▶ _Prompt_
Reproduce, without any change, the span of lines from the opening of the records below to the line containing "living room featuring", inclusive.

▶ _Data for processing_

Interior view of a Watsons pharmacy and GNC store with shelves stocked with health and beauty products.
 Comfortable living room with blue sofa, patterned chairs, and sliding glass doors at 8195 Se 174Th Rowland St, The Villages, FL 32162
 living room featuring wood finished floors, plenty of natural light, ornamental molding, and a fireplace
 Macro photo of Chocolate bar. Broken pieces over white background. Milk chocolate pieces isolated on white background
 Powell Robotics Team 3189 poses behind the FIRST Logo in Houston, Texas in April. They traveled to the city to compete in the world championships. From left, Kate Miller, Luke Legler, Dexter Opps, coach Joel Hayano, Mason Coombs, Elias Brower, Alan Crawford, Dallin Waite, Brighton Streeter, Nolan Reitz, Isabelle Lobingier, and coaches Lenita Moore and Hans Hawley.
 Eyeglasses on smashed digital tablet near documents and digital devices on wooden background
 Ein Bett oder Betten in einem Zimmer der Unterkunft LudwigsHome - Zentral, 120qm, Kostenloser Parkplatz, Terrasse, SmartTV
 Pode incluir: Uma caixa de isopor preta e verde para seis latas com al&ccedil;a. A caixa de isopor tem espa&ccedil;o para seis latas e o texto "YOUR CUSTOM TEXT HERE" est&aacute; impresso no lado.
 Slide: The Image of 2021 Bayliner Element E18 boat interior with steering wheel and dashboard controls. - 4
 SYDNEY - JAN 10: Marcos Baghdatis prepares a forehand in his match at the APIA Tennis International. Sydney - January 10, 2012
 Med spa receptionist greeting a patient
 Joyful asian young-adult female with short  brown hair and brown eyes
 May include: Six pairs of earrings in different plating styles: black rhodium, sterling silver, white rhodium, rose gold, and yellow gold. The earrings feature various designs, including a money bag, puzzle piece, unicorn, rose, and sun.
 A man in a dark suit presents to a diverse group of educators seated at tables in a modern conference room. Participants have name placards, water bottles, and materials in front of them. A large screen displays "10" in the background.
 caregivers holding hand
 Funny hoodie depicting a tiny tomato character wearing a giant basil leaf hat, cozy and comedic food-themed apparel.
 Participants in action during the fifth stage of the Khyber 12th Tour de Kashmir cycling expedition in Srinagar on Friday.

▶ _Result_
Interior view of a Watsons pharmacy and GNC store with shelves stocked with health and beauty products.
 Comfortable living room with blue sofa, patterned chairs, and sliding glass doors at 8195 Se 174Th Rowland St, The Villages, FL 32162
 living room featuring wood finished floors, plenty of natural light, ornamental molding, and a fireplace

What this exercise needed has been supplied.